I'd simply use up the deposit, cancel the bank transfer and be ready to move out, say, 10 days before the end of the period. If he/she object there's not a lot they can do if you are safely esconced in the next street/village/country. 

If he/she plays up say that you will pay THROUGH a solicitor and that you want a copy of their NIE and their tax declaration. That will usually shut them up. 

How anybody can try to get an increase in rent at this moment in time is completely beyond me


----------



## Sizlu (Oct 29, 2008)

*Landlords .. Bless them*

You will be fine using your deposit as your last months rent. There is absolutely nothing your landlord can do about it.

Unless you moved out for a 24 hour period after your 11 month contract ended, then moved back in with a new contract, he can't evict you or ask you to leave. So, if you don't feel confident that you will get your deposit back, simply don't pay your final months rent.
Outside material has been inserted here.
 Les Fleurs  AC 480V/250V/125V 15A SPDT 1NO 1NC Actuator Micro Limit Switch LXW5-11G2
To be honest, in this climate, the cash may not even be available to be returned, depending on your landlords financial situation of course .. 

Good luck with it ... 
Sizlu


----------



## Sarren (Mar 3, 2009)

Just something I noticed: I know that Spanish law can differ a little from British contract law, but in our country you need agreement from both sides to change a contract. If not, then the original contract is breached and becomes void.
You are within your rights to move out straight away and pay the remaining rent in whatever way you see fit under these conditions. I'm not sure if this would apply under Spanish law, but it may be another avenue to investigate.
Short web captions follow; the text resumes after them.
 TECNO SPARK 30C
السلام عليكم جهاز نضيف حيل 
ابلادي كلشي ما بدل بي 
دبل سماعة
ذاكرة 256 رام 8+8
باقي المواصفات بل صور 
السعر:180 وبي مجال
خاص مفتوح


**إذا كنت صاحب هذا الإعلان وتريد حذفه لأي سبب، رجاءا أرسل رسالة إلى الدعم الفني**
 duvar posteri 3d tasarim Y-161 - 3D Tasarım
And if 'Mr Big' does break your nose, it will end up far worse for them and make them look all kinds of bad in the eyes of the authorities.

Good luck!


----------



## SunnySpain (Jul 30, 2008)

An update on the situation. It was November when we agreed the new terms of the contract (verbally), but we have not received the contract and its now March

The only thing we do have is an email confirming the rental price, but it says nothing about 1 month notice, which was verbally agreed back in November


----------



## mrypg9 (Apr 26, 2008)

What is the situation if your landlord doesn't do or is slow in doing repairs?
Also -we paid the Agent 1800 euros deposit -two months rent -when we signed our contract.
Was this legal? Can an agent demand this?
Our landlord's Agent recommended a friend when we inquired about satellite installation. She didn't tell us that there was already Community provision for Sky and we didn't know there was until we actually moved in. The friend allegedly installed dish, cabling etc and charged us 500 euros. We suspect he did nothing.
What responsibility, if any, does the Agent bear for this rip-off?
We are not satisfied with the whole situation regarding this rental and would like to move on. We have eight months of the contract to run.
What are our options?


----------



## Sarren (Mar 3, 2009)

mrypg9 said:


> What is the situation if your landlord doesn't do or is slow in doing repairs?
> Also -we paid the Agent 1800 euros deposit -two months rent -when we signed our contract.
> Was this legal? Can an agent demand this?
> Our landlord's Agent recommended a friend when we inquired about satellite installation. She didn't tell us that there was already Community provision for Sky and we didn't know there was until we actually moved in. The friend allegedly installed dish, cabling etc and charged us 500 euros. We suspect he did nothing.
> ...


Ok, I know little of Spanish law, but from EU law, if the lanlord or their 'friend' says that they have installed satellite and haven't, they can't charge you.
In terms of deposit; If you pay them 1800 deposit when you sign, then you agree to it, whether or not you think it is reasonable. If you didn't want to pay it, or thought it was dodgy, then you shouldn't have signed. Agents can demand what they like for deposits, it's up to you to agree or disagree with it before you sign the contract.
In terms of getting out of the contract; if you have evidence, either documentary or physical, that the landlord is not fulfilling his contractual duty, then the contract is breached and becomes void. As soon as this happens, you are free to leave and have your deposit back (subject to the landlords inspection of the property once you have vacated). You need to very carefully read your contract, find out exactly what the landlord is responsible for and then put any complaint in writing to him. If no reply is heard within 28 days, or he refuses to fill his contractual obligation, then you can legally challenge him. 
Courts will NOT generally listen to cases where you have not tried to resolve the issue yourself with the landlord. Keep copies of ALL correspondence, if you can afford to get a lawyer involved then do it, and make sure that you don't do anything that could give him leverage (like getting into loud verbal arguments).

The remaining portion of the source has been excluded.